Figure 3: Gantt chart...... 10

List of Tables

Table 1: Assumptions and Limitations...... 3

Table 2: Functional Requirements...... 4

Table 3: Preliminary Budget...... 9

Table 4: Preliminary Personnel Effort Budget...... 9

1

ABSTRACT:

Voting in a legislative body can be a time consuming process, in that individual votes must be counted either by roll call or other means that is not time efficient. Thus having an electronic voting system where the legislative body members can register their votes simultaneously, this would greatly speed up the legislative process and allow the legislative body to accomplish more. This is particularly useful when the legislative body has to vote several times during a session.
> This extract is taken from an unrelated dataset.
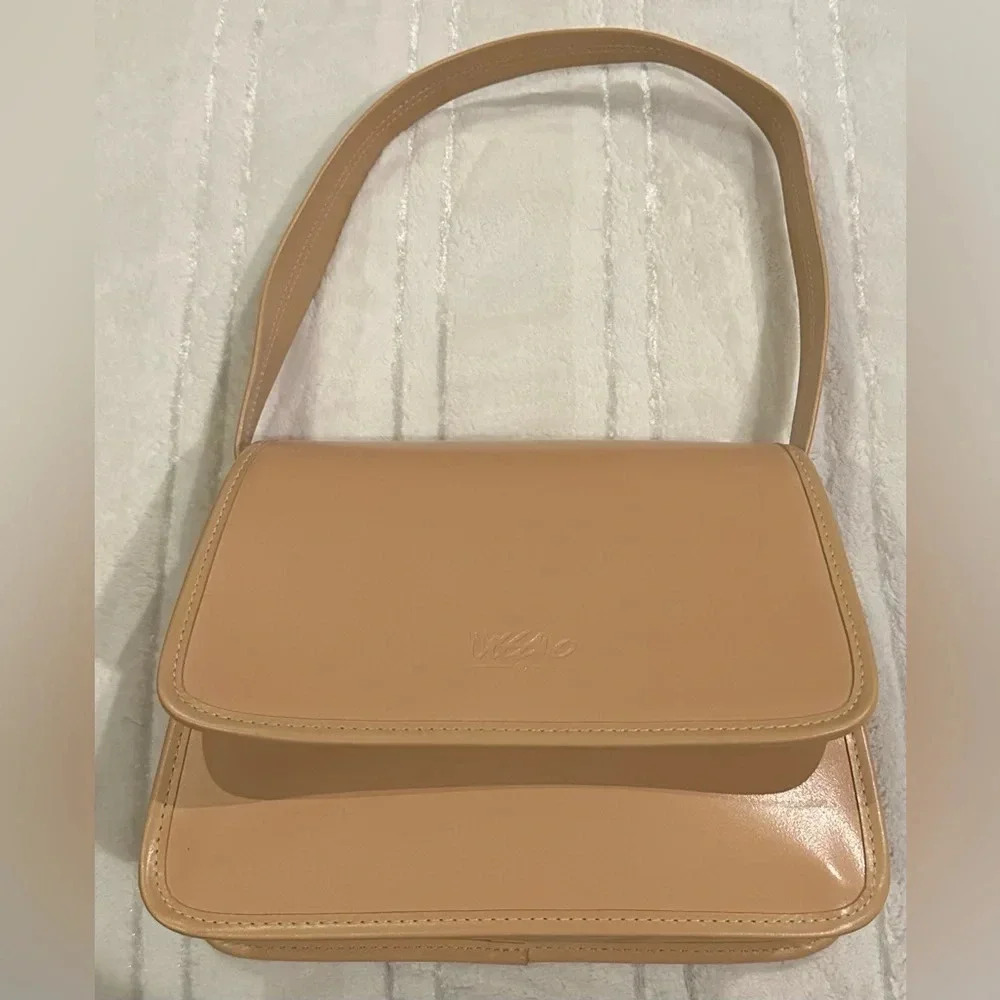 Massimo structured All leather shoulder bag in buttery tan medium size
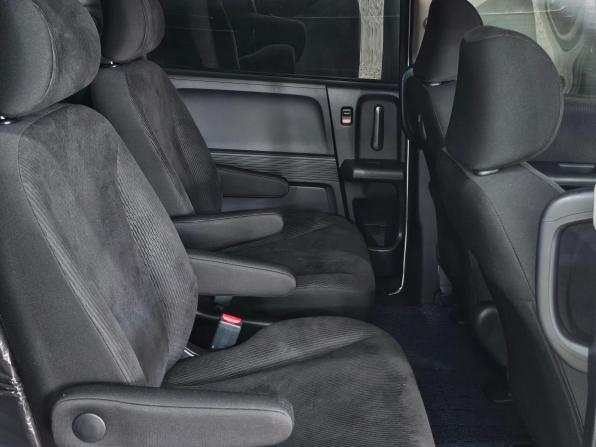 Honda Freed I Рестайлинг с пробегом 2012 года, цена 1 240 000 рублей, 153700 км, компактвэн, Автокод Объявления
The solution to this problem is to provide each legislative member with an electronic voting device that is connected to a computer (via a controller) that will automatically tally the votes and display the results and various statistics. The other major objective is to produce a voting system that is not only time efficient for the legislative body, but also cost effective. This allows the legislative body to be more effective in their sessions.

ACKNOWLEDGEMENTS:

We would like to acknowledge the active role of the Iowa State University: Government of the Student Body (GSB) for funding this project. Special thanks to GSB Senator and member of the Rules Committee: Kathryn Kallaher for her support and advice.

DEFINITION OF TERMS:

GSB:Government of the Student Body

LCD:Liquid Crystal Display

INTRODUCTION:

General Background:

The Government of the Student Body (hereby referred to as GSB) spends much of their time during legislative sessions voting on various issues. This process can tend to be tedious and time consuming as votes are taken one by one. Thus there is a need to save time by having an electronic voting that enables the senators to vote simultaneously. This requires each senator to have a voting module that allows them to cast either a ‘YES’, ‘NO’, ‘NOT VOTING’ or ‘ABSTAIN’ vote. This module would then interface to a controller, which would talk to a computer and consequently display the voting results in a popular spreadsheet such as Microsoft Excel. There must be one module for each senator with a number of modules in reserve for future GSB expansion. There must also be modules in place for replacement of badly damaged modules and parts available for minor repairs.

Technical Problem:

The major technical problem will be to design a cost effective voting system that is easy to use and maintain. GSB meets in a room that must be setup and torn down after each legislative session, thus having a rugged system that will take the abuse of constant wear and tear is required. This system must also be easy to use, as the senators will have various technical backgrounds. Another difficulty will be designing a system that uses a minimal amount of wires and connections. For example, if each unit requires 4 wires and there needs to be 50 units, that is over 200 wires to maintain and over 100 wires for the controller to read and send to the computer for processing of the votes. This system must also be expandable to a degree that will enable GSB to add more senators as Iowa State University (hereby referred to as ISU) grows and expands. At this time, the project is to design a system. There are several options available right now, that would require different design methods. For example, each module could be a micro-controller, thus requiring programming at the assembly level, and the controller could be similar. At the very least the computer side software will probably be programmed in C, with patches to Visual Basic for exportation to Microsoft Excel. Visual Basic patches will we used because of the lack of Visual Basic experience of the team members, ease of learning, and ease of implication.

Operating Environment:

The electronic voting system will be used primarily the Campanile room of the ISU Memorial Union. This layout is in the shape of a horseshoe with the secretary and computer at the head (see Figure 1). The voting modules and controller must be designed ruggedly to withstand weekly setup or tear down.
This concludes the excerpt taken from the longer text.